[Data shown]
****

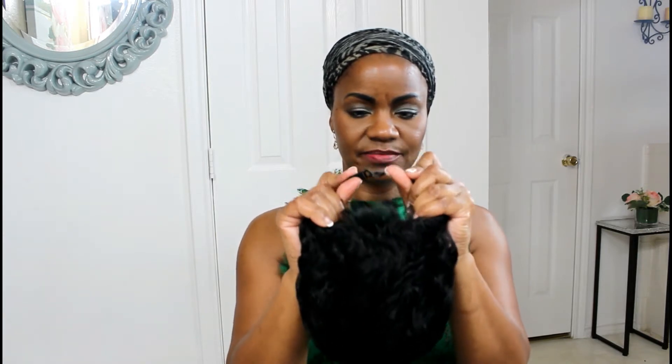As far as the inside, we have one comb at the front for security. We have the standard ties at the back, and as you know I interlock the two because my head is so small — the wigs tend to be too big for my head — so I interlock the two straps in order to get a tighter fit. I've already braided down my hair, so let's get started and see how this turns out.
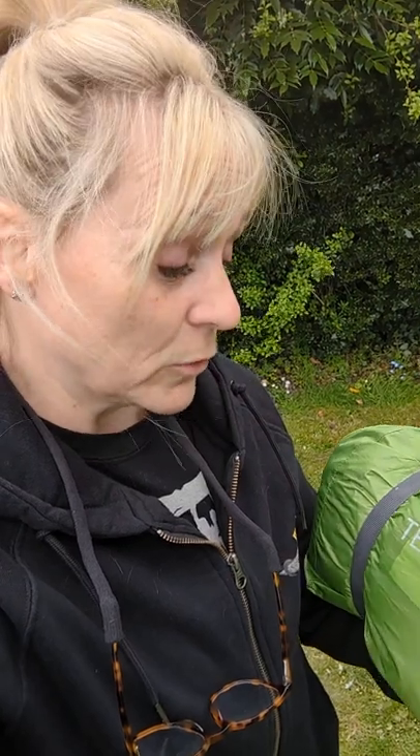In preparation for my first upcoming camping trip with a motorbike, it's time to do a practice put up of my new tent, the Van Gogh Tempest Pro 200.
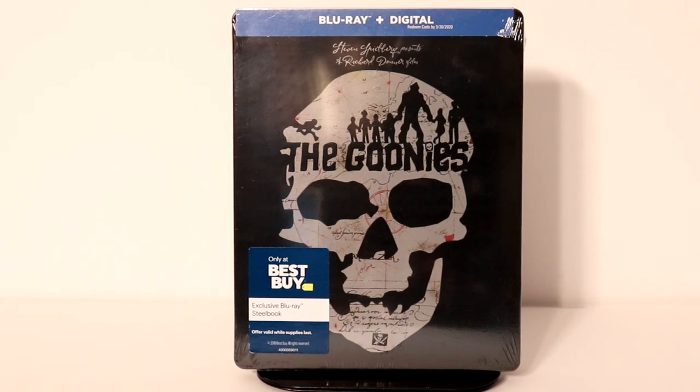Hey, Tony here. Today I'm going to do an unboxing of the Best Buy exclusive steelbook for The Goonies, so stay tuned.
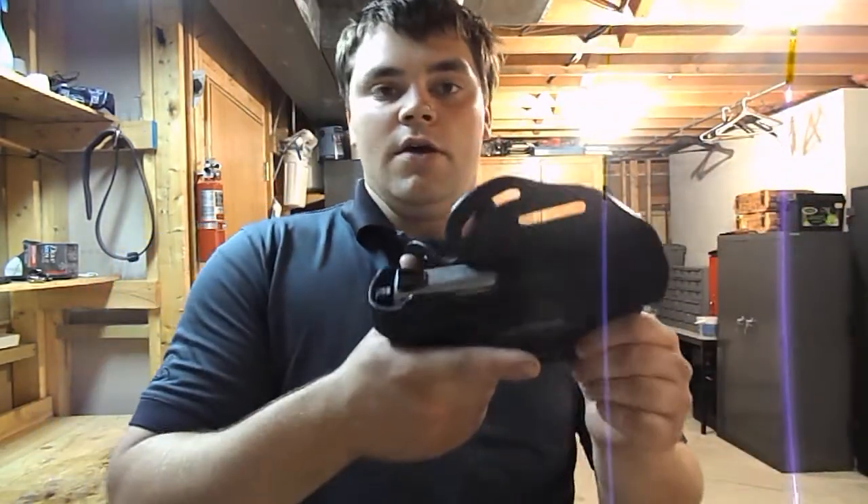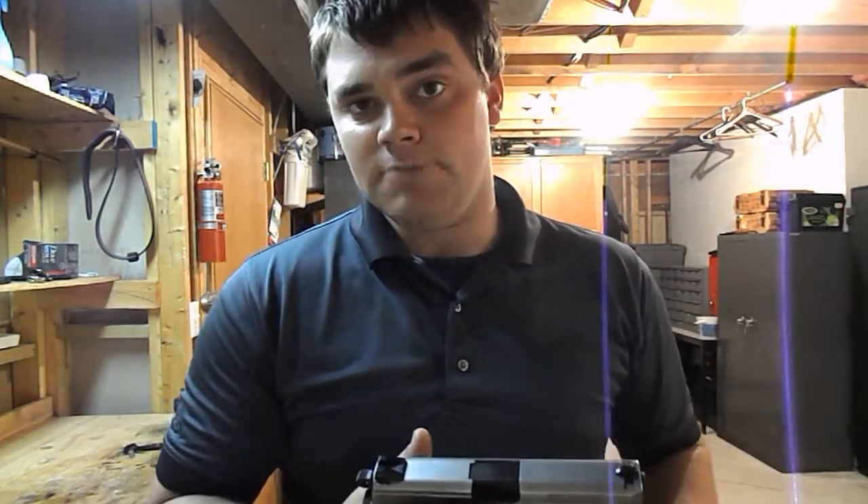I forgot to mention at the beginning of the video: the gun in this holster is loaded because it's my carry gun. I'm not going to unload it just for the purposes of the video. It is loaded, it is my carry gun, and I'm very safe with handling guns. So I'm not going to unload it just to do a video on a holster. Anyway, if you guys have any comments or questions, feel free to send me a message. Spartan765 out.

****

[Problem to work on] Go through the material above and retype every line exactly, without the images.

[Result for this task]
As far as the inside, we have one comb at the front for security. We have the standard ties at the back, and as you know I interlock the two because my head is so small — the wigs tend to be too big for my head — so I interlock the two straps in order to get a tighter fit. I've already braided down my hair, so let's get started and see how this turns out.
In preparation for my first upcoming camping trip with a motorbike, it's time to do a practice put up of my new tent, the Van Gogh Tempest Pro 200.
Hey, Tony here. Today I'm going to do an unboxing of the Best Buy exclusive steelbook for The Goonies, so stay tuned.
I forgot to mention at the beginning of the video: the gun in this holster is loaded because it's my carry gun. I'm not going to unload it just for the purposes of the video. It is loaded, it is my carry gun, and I'm very safe with handling guns. So I'm not going to unload it just to do a video on a holster. Anyway, if you guys have any comments or questions, feel free to send me a message. Spartan765 out.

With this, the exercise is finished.